╔══
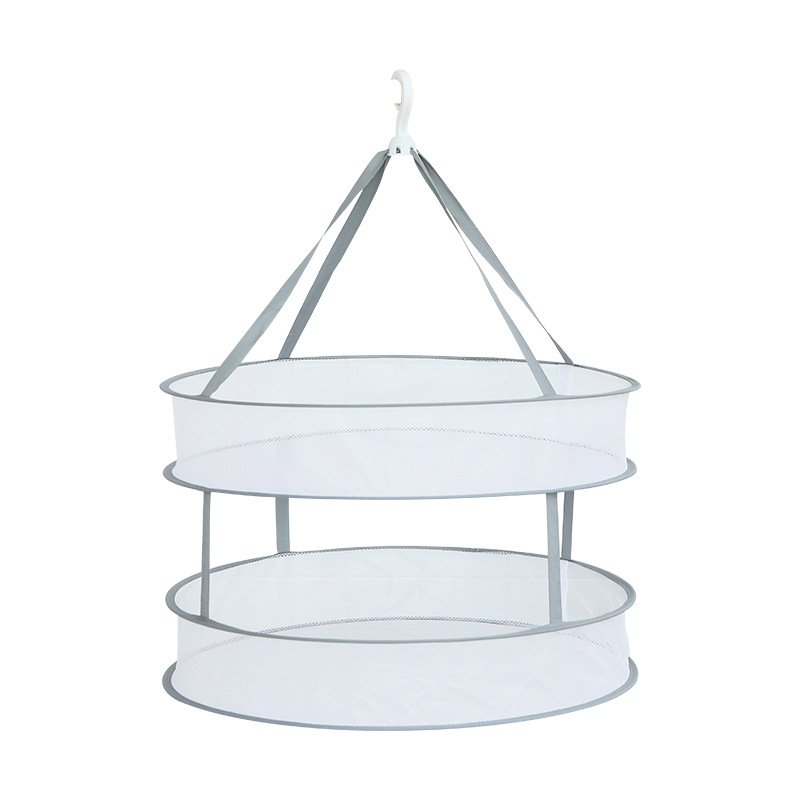 Gray edging single-layer clothes basket double-layer folding large clothes net windproof clothes rack clothes Net Wholesale manufacturers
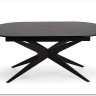 Стол обеденный Halmar SANDRO раскладной (черный/черный)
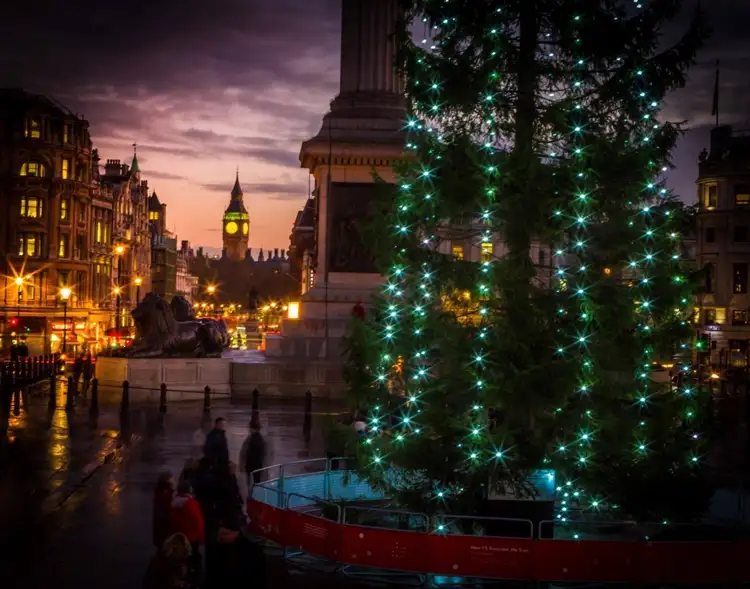 Source: Brooks DeCillia/ unsplash  The Trafalgar Square Christmas Market in London, United Kingdom
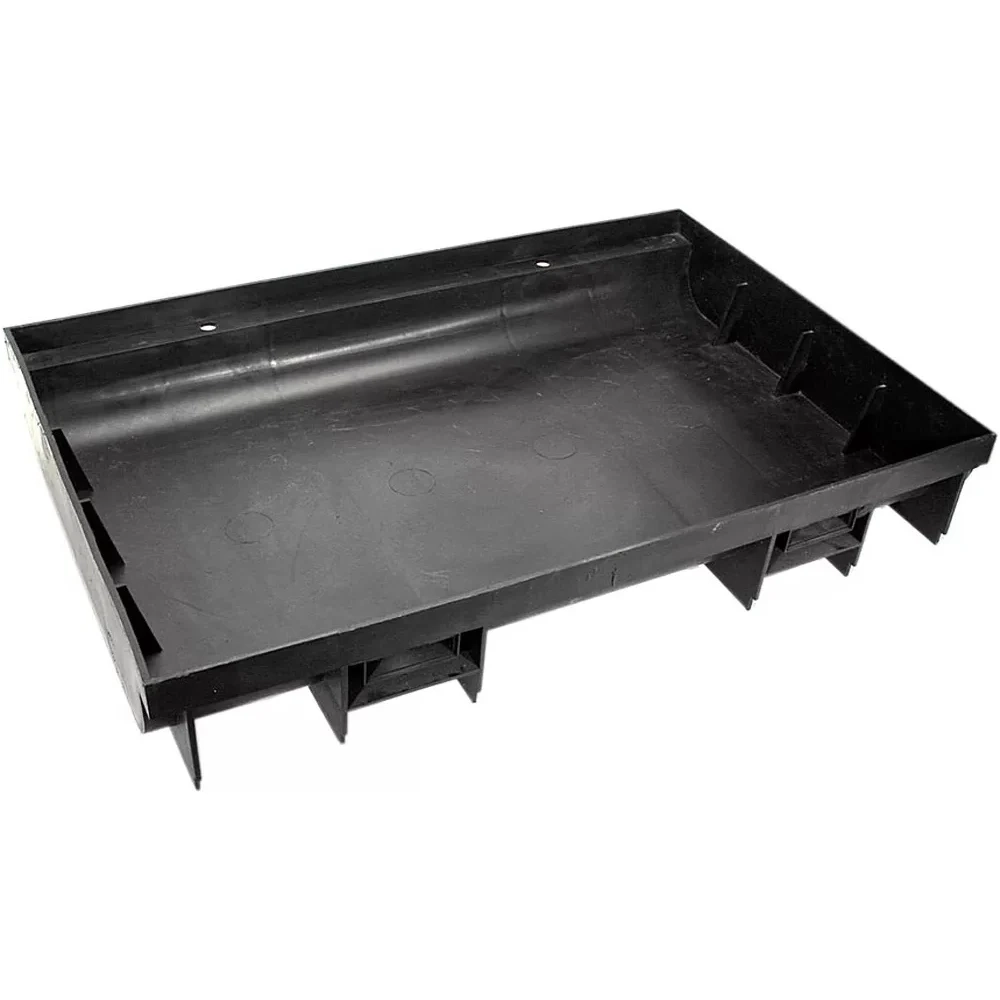 Поддон пластиковый 600*400*100 с отверстием на дне D110 AQUASTOK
╚══
* _Problem details_:
Print the full listing above again with exact wording and no images.

* _Solution for this task_:
 Gray edging single-layer clothes basket double-layer folding large clothes net windproof clothes rack clothes Net Wholesale manufacturers
 Стол обеденный Halmar SANDRO раскладной (черный/черный)
 Source: Brooks DeCillia/ unsplash  The Trafalgar Square Christmas Market in London, United Kingdom
 Поддон пластиковый 600*400*100 с отверстием на дне D110 AQUASTOK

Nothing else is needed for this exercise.